Bana göre cevabı çok basit. Türkiye’yi avucunun içine aldı. İstediğini yaptırıyor. Onun da ötesinde bir NATO üyesi olan Türkiye’yi Amerika ve Batı’nın elinden de çekip aldı, adeta NATO içine pimi çekilmiş bir bomba bıraktı.
Bir taraftan bunun keyfini yaşarken diğer yandan da bölgede özellikle Amerika’ya karşı ne yapacağının planını yapmak için zaman kazanıyor.

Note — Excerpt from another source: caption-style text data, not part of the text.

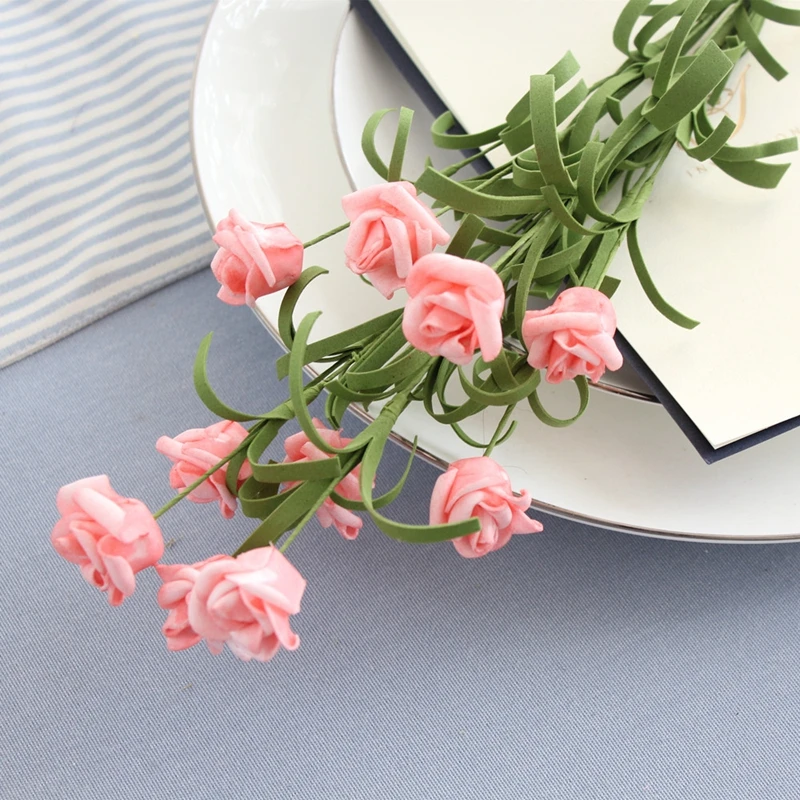 10 головок/букет маленькая искусственная Роза свадебное украшение сделай сам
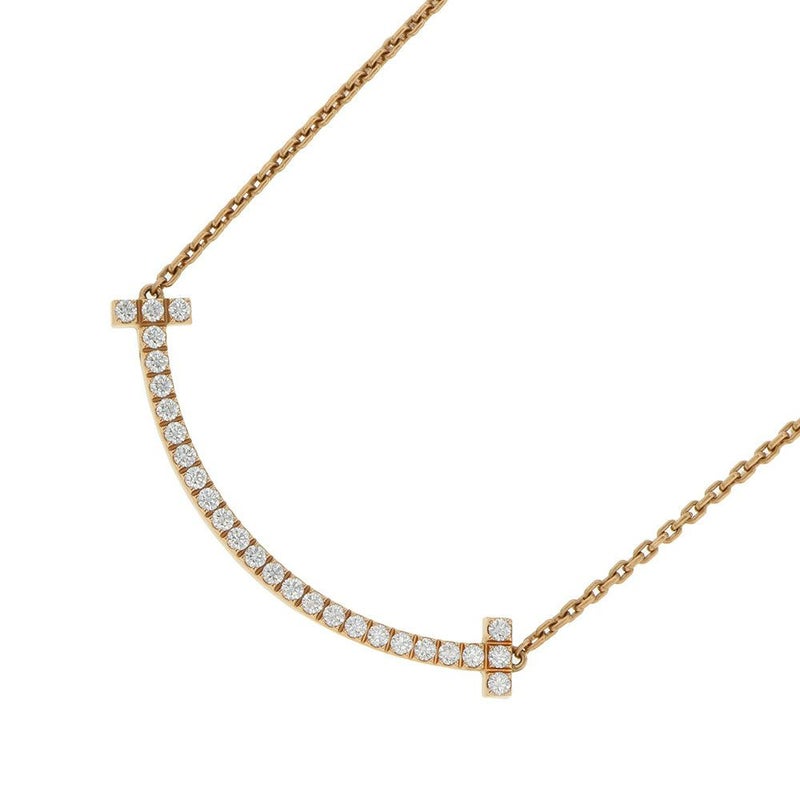ティファニー ネックレス Tスマイル ペンダント ミディアム ダイヤモンド 計0.48ct K18PGピンクゴールド 67513282 Tiffany&Co.
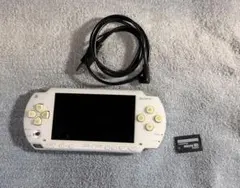 ホワイト PSP 本体 1000 メモリーカード変換、USBコード付き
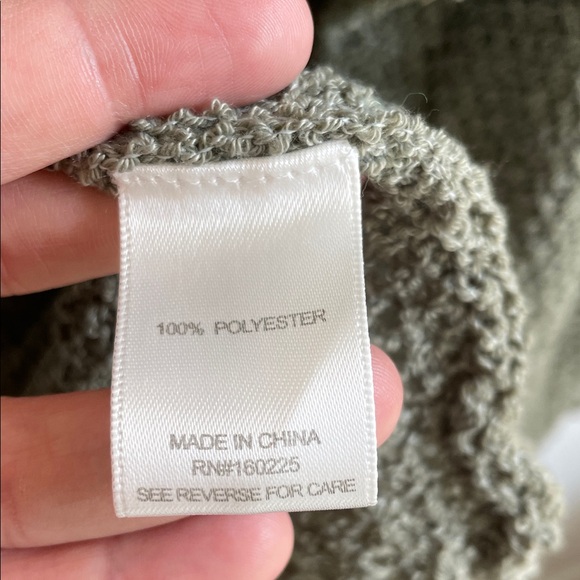 NWT Stitch Drop Long Sleeve Green-Gray Loose Knit Open-Front Sweater M - Picture 7 of 10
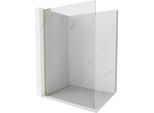 Mexen Kioto L Parete Doccia Walk-In 90 X 200 Cm, Trasparente, Oro Spazzolato - 800-090-103-55-00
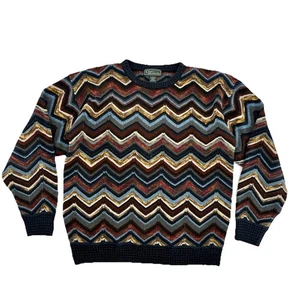 Croft & Barrow Vintage 80er LARGE Chevron gestreifter Chenille Rundhalsausschnitt Pullover Cosby Mod - Bild 1 von 6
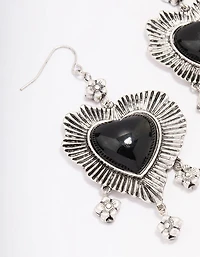 Antique Silver Detailed Heart Drop Earrings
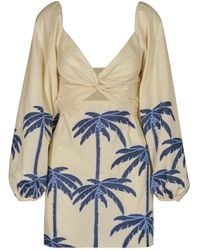 Johanna Ortiz - The Power Of The Sea Printed Cotton-Blend Mini Dress - Lyst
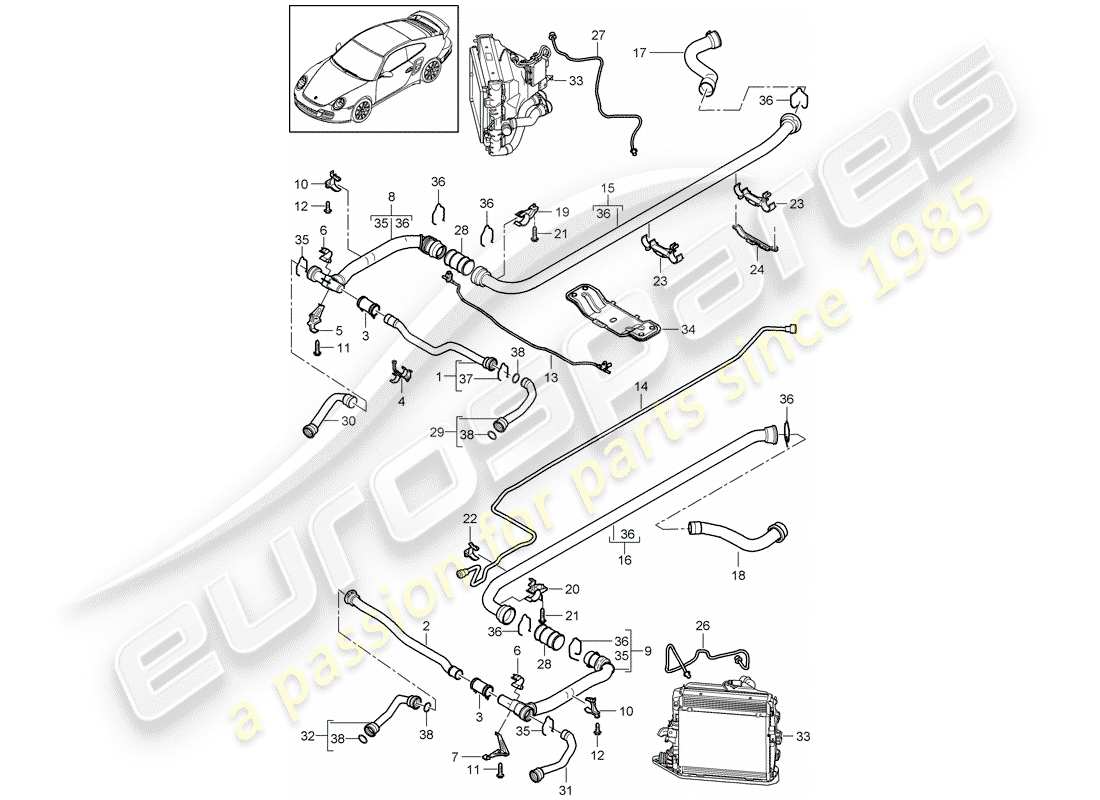 a part diagram from the porsche 997 parts catalogue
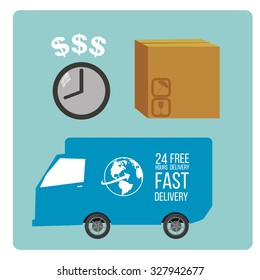 shipping merchandise illustration over blue color background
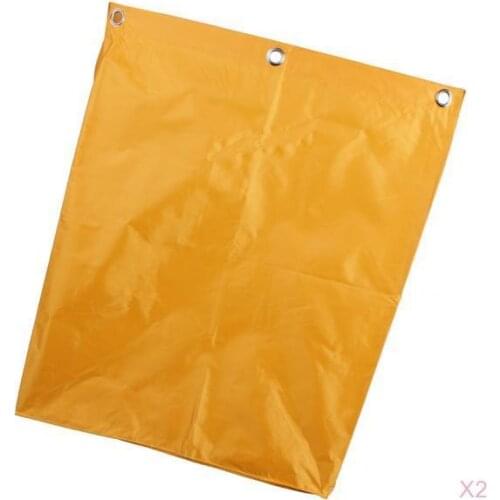 2pcs Hotel Service Cart Bag Housekeeping Trolley Replace Bag Yellow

RİZE’DE “KARŞI DEVRİM” HAMLESİNİ KURNAZLIKLA BİTİRDİLER
Rize’de Belediye hayli zamandır Cumhuriyet Meydanı’ndaki Atatürk heykelini kaldırmak yerine “çay bardağı” heykeli koymak istiyordu. Ama her seferinde gelen tepkilerden korkarak bunu başaramadı.
15 Temmuz, Suriye’deki savaş, Atatürk, ilkeler, devrimler ve laikliğin artık lafının bile edilememesinin yarattığı iklimden cesaret alan Rize Belediye Başkanı bir gece ani operasyonla Atatürk heykelini yerinden söküp alıverdi.
İktidar ve dinci çevreler bu kaba “karşı devrim” gösterisini ayakta alkışlarken Atatürk sevgisinin ağır bastığı halkın büyük kesimi buna şiddetli bir tepki gösterdi.
Rize Belediyesi önce aldırmazdan gelmeye çalıştı ama olmadı. Sonunda bu iktidarın ne kolay becerdiği yola yani kurnazlığa sapıldı ve heykelin aslında kaldırılmadığı sadece yerinin değiştirildiği açıklandı.
Neymiş heykel valilik önündeki meydana taşınmışmış. Belediye gece yarısı alel acele tahtadan yaptığı bir kaidenin üzerine kondurmuş koca Atatürk heykelini.
Madem heykel kaldırılmıyor da taşınıyordu neden önceden bu söylenmedi ve neden heykelin taşınacağı yer daha önce hazırlanmadı da tahtadan bir kaide kuruldu?